Jenna Logeais and a team of six other students launched the local initiative at a special event held this week in the Chancellors' Building where they were joined by Philipp Engel, the founder and director of the project.
“I really believe in this scheme and I want the University to be able to say we were at the start as it takes off around the world,” said Jenna.
The Cube Movement encourages people to buy wooden cubes which each has a unique number on it, along with facts about modern slavery. You then log into the Cube Movement website and put in your pin number and location which logs the beginning of its journey. You then pass the cube on to other people on your travels. Each time it lands in the hands of someone new they log its location on the website and the cube’s journey is tracked online.
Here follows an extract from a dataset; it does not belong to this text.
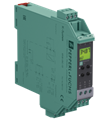 Pepperl+Fuchs KFU8-USC-1.D Signal type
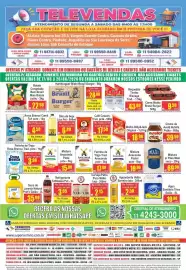 Catálogo Serrano Supermercado Página 4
“You can then see how far your cube has travelled across the world as it builds chains of awareness and communication between people about the problems of modern slavery,” explained Jenna.
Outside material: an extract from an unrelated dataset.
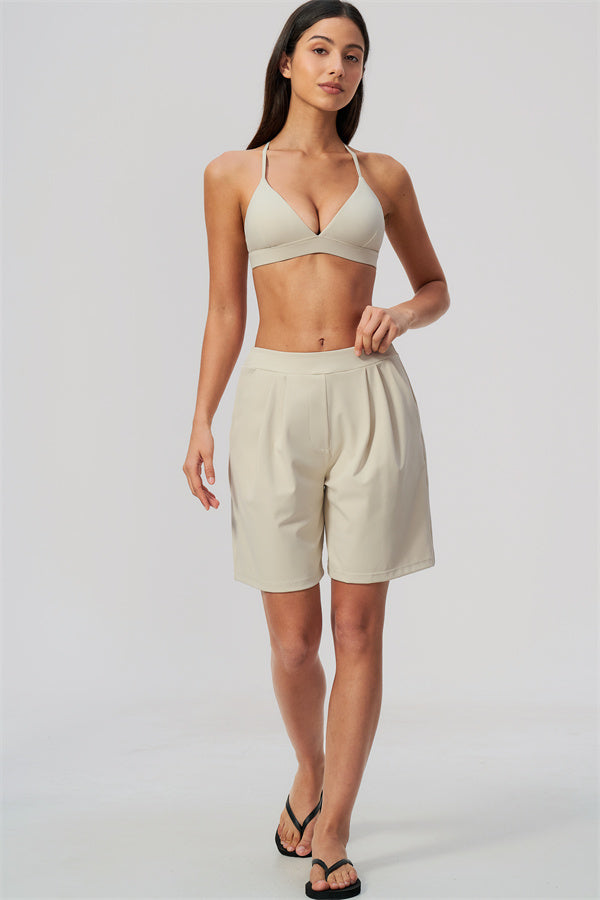 Sway Sports Bra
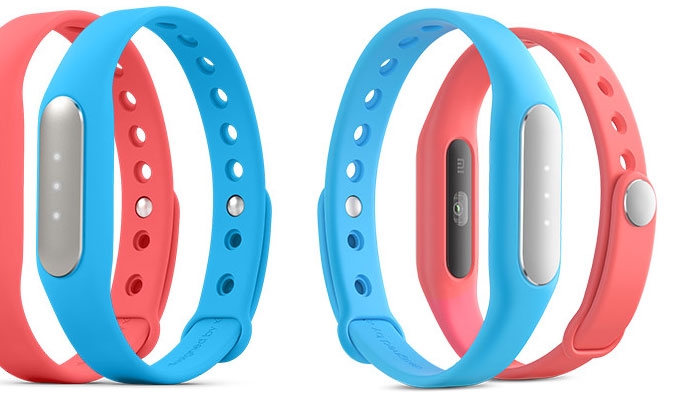xiaomi-miband-1s-04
“Our event on campus went really well and the turn-out was very encouraging so I couldn't be more pleased.”
Jenna got involved in the scheme after travelling to the One Young World Summit in South Africa earlier in the year. This annual summit brings together the brightest young people from around the world to share their vision, views and ideas to create practical and achievable commitments for positive change.
At this year's fourth annual Summit 1,300 young future leaders from over 180 countries around the world spoke alongside global figures including Kofi Annan, former UN Secretary General, Sir Richard Branson and Sir Bob Geldof.
Jenna was selected by the University's Faculty of Humanities & Social Sciences to become the first Bath student to attend the event.
She said: "One Young World was a unique opportunity to meet other ambitious young people from around the world, and to discuss and find sustainable and concrete solutions for the most pressing issues the world faces today, such as modern slavery. I felt really inspired so when I returned I thought this was a great initiative and wanted to see if I could create the first hub outside of London.”